Short descriptive text snippets:
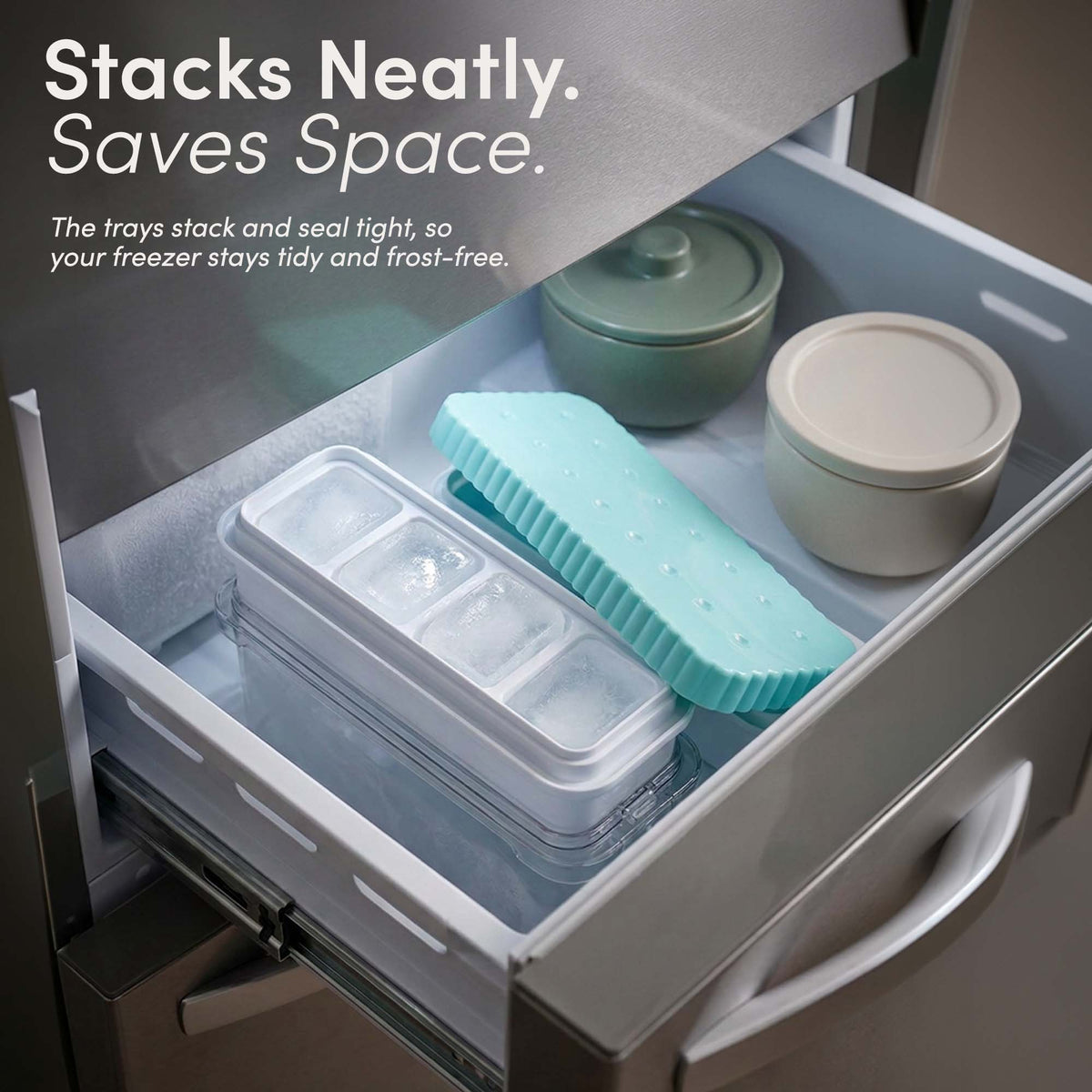 Stackable ice cube tray with lid and bin in a freezer drawer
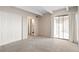 Bright bedroom with mirrored closet doors and access to balcony at 1433 N Williams St # 801, Denver, CO 80218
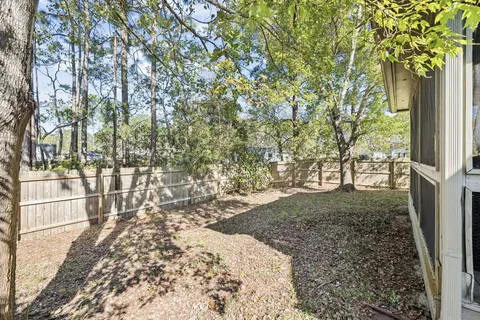 a backyard of a house with lots of green space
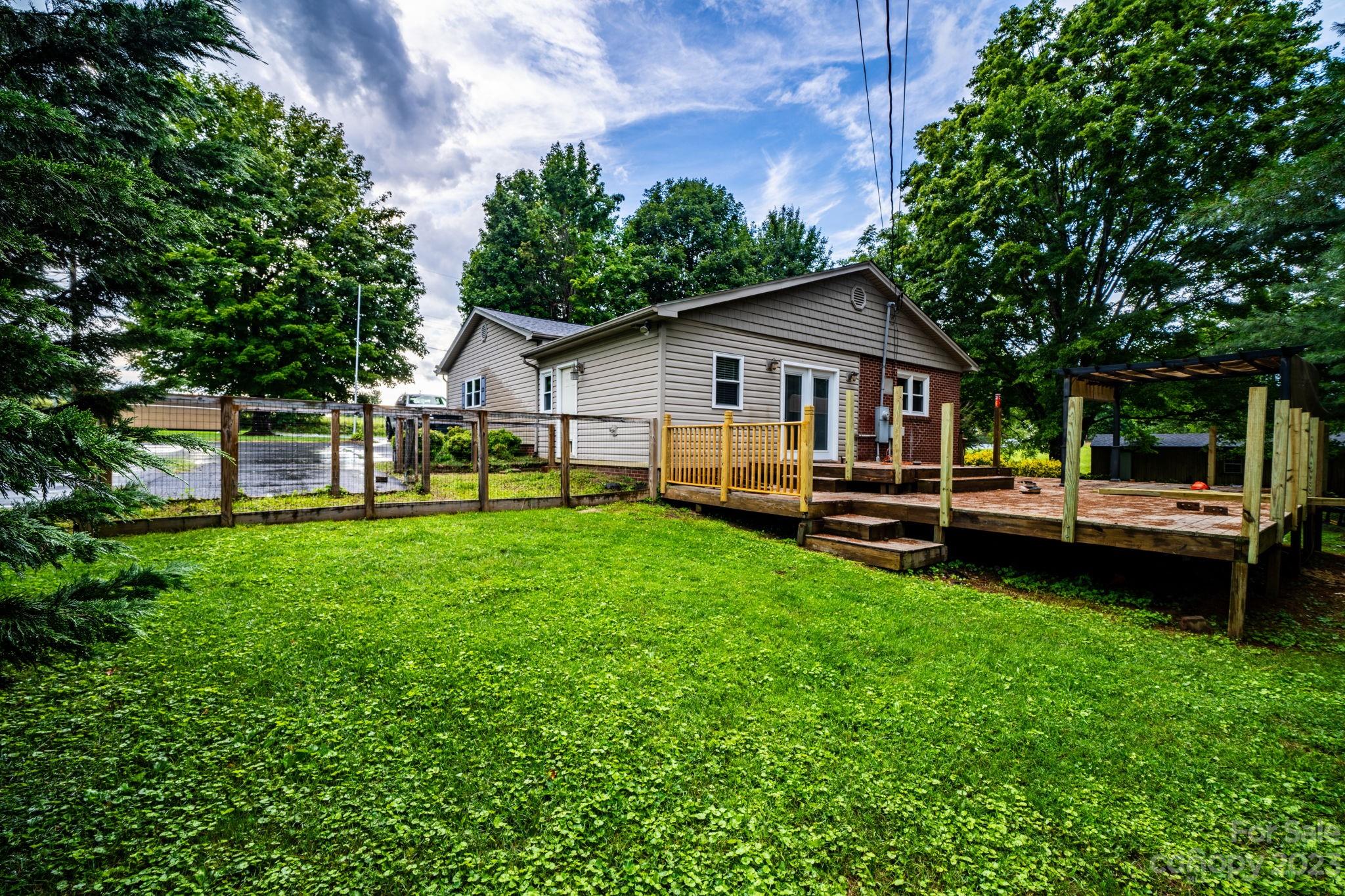 309 Sheldon Street Hudson, NC 28638 - Photo 40 of 40 a backyard of a house with table and chairs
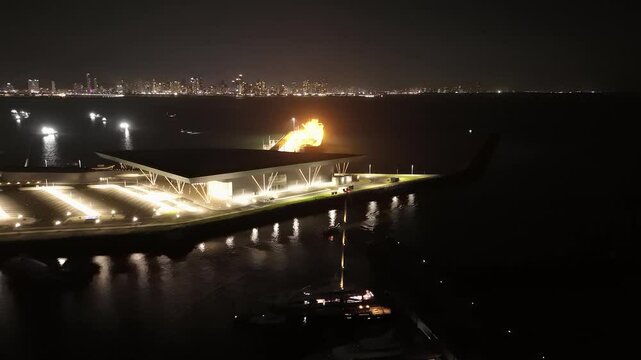 Cinematic aerial view from a drone at night on the Amador Causeway in Panama City, 4K Video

## Activity
Transcribe the entries above verbatim, excluding any image.

## Written solution
 Stackable ice cube tray with lid and bin in a freezer drawer
 Bright bedroom with mirrored closet doors and access to balcony at 1433 N Williams St # 801, Denver, CO 80218
 a backyard of a house with lots of green space
 309 Sheldon Street Hudson, NC 28638 - Photo 40 of 40 a backyard of a house with table and chairs
 Cinematic aerial view from a drone at night on the Amador Causeway in Panama City, 4K Video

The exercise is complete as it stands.